In the past year, a record number of women left the workforce. The crisis of the pandemic burdened women in particular with additional family and parenting challenges. Faced with having to do it all – at once – women jettisoned the least valuable item first. Their job.
Hear me out. I’m am not saying a woman’s career isn’t important or valuable. I am saying that women overwhelmingly chose to leave workplaces where they didn’t feel valued or supported.
Despite many strides, women continue to pull double duty at home and at work. The pandemic brought into stark relief that the current structures of our workplaces do not offer the flexibility to fluidly move between work and life responsibilities. The organization that successfully attracts and retains women in its workforce will need to have a hard look at its work structure and reimagine the environment.
What can your organization do to attract talent?
If your company is serious about having a diverse workforce then it also needs to be serious about the diverse needs and goals of that workforce. This is the time for a holistic review of your organization structure, culture, benefits and policies. What changes can you put in place that will make women choose your company over another?
What employees will need in the future
- Re-entry path
- A growth plan
- Policies that promote work/life flexibility
- Culture of transparency and trust
- Empathy and Support
The longer a woman is out of the workforce, the harder it becomes for her to return. The Department of Labor classifies a person as out of the workforce after 28 weeks. It is not uncommon for a woman to step back from the workforce temporarily. Her skills, knowledge, and education, however, remain valuable.
Specific re-entry paths and programs like job sharing and internships can smooth her return to the workforce and make your company more appealing.
A growth plan
Many companies say that gender diversity is important. Fewer have a specific program to focus on nurturing and promoting diverse talent into senior leadership and board positions. If you want women in your workforce, create a culture where women feel valued, understand their impact, and have real opportunities to step into managerial roles including C-suites and board positions.
Review your benefits and policies with a specific emphasis on meeting the needs of women in your workplace. One of the biggest hurdles for women returning to the workforce is access to quality, affordable childcare. Consider reimbursements for childcare expenses or stipends for ergonomic work-from-home workspaces.
Schedule flexibility and autonomy will attract high-performers. Create performance guidelines that focus on accountability for outcomes rather than rigid schedules.

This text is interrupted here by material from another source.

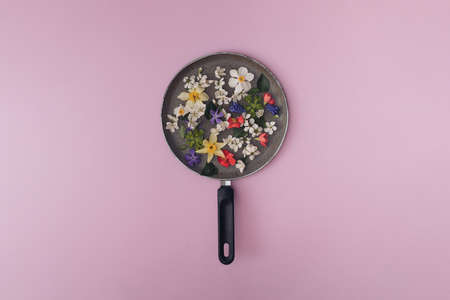Colorful flowers in a gray pan. Purple background.の写真素材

Our current workplace structures were built in the labor era with time clocks and production lines. There is so much opportunity to reimagine and create a workplace that truly meets the needs of the modern employee.
Culture of Transparency and Trust
The shakeup of the last year and a half has damaged faith in company, government, and other institutions. You have a tool at your disposal to help repair that faith. We know that employees are more engaged in a culture of transparency and trust. Creating this type of culture is beneficial for your organization, and vulnerability is a key component to build that transparency and trust.
Vulnerability is the absolute heartbeat of innovation and creativity. There can be zero innovation without vulnerability.”
~ Brene Brown
Being a vulnerable leader entails being authentic, creating human connections, practicing forgiveness, and leading in a value-based way that is congruent with who you are and what you think, act and do. When you are open and vulnerable with your team, you can build a culture of trust and employee engagement. We can’t solve the problems that are driving women from the workplace without this level of engagement. An open culture enables curiosity, outside of the box thinking, and asking questions which ultimately promotes creativity and innovation.
Empathy and Support
Finally, provide empathy and practical support. There is no ‘new normal’ coming. Your employees, and particularly your female employees, have spent the past year surfing challenges and changes. We need to listen and empathize so we can meet them where they are at in their journey through change.
When we emerge from the pandemic, it goes without saying that employee needs and expectations will be drastically different. Women overwhelmingly left companies that did not provide the flexibility and support they needed during this time. I anticipate they will demand it in the future.